:: Given material

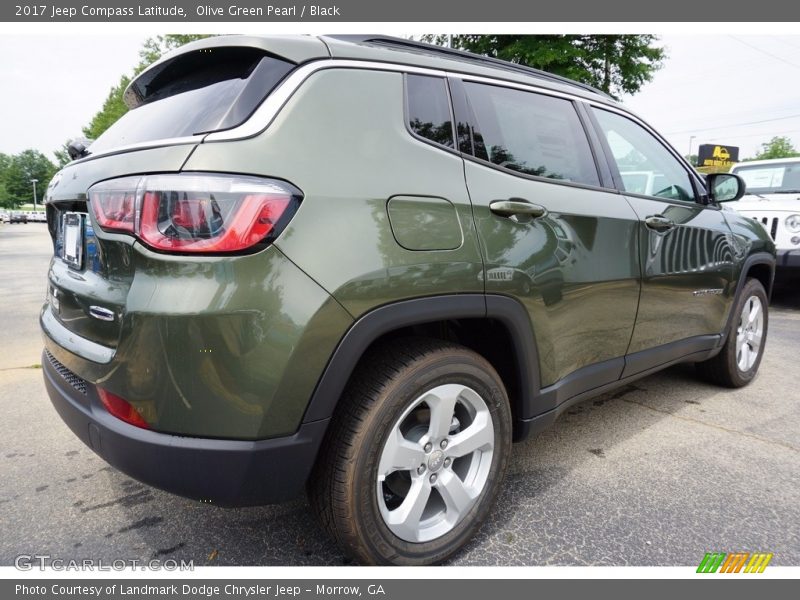 Olive Green Pearl / Black 2017 Jeep Compass Latitude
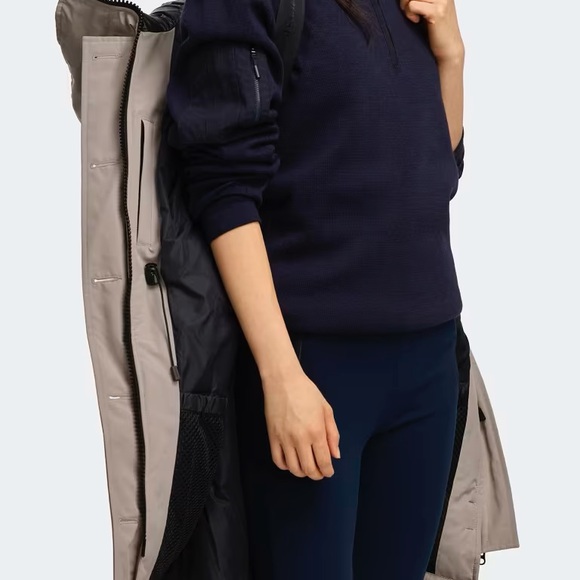 Canada Goose Women's Rossclair Jacket in Navy Size Small WITH FOX FUR TRIM - Picture 11 of 13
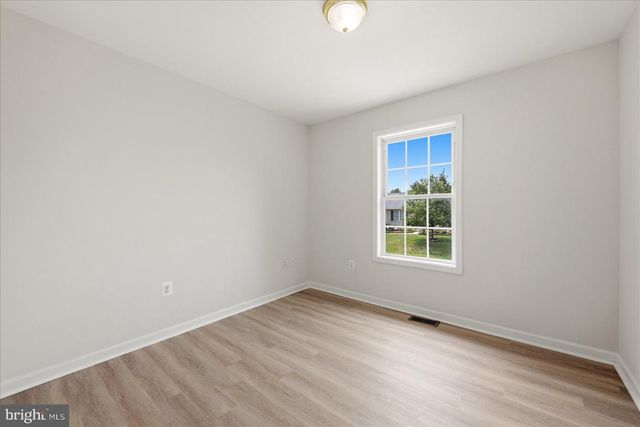 224 FORD CIR, Inwood, WV 25428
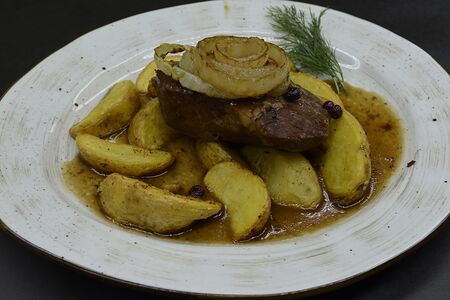 Телятина с печеным картофелем и клюквенным соусом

::::

- Exercise instructions -
With every picture left out, print exactly the lines from the one containing "Canada Goose Women's" through the final line of the material above.

- Answer to the exercise -
 Canada Goose Women's Rossclair Jacket in Navy Size Small WITH FOX FUR TRIM - Picture 11 of 13
 224 FORD CIR, Inwood, WV 25428
 Телятина с печеным картофелем и клюквенным соусом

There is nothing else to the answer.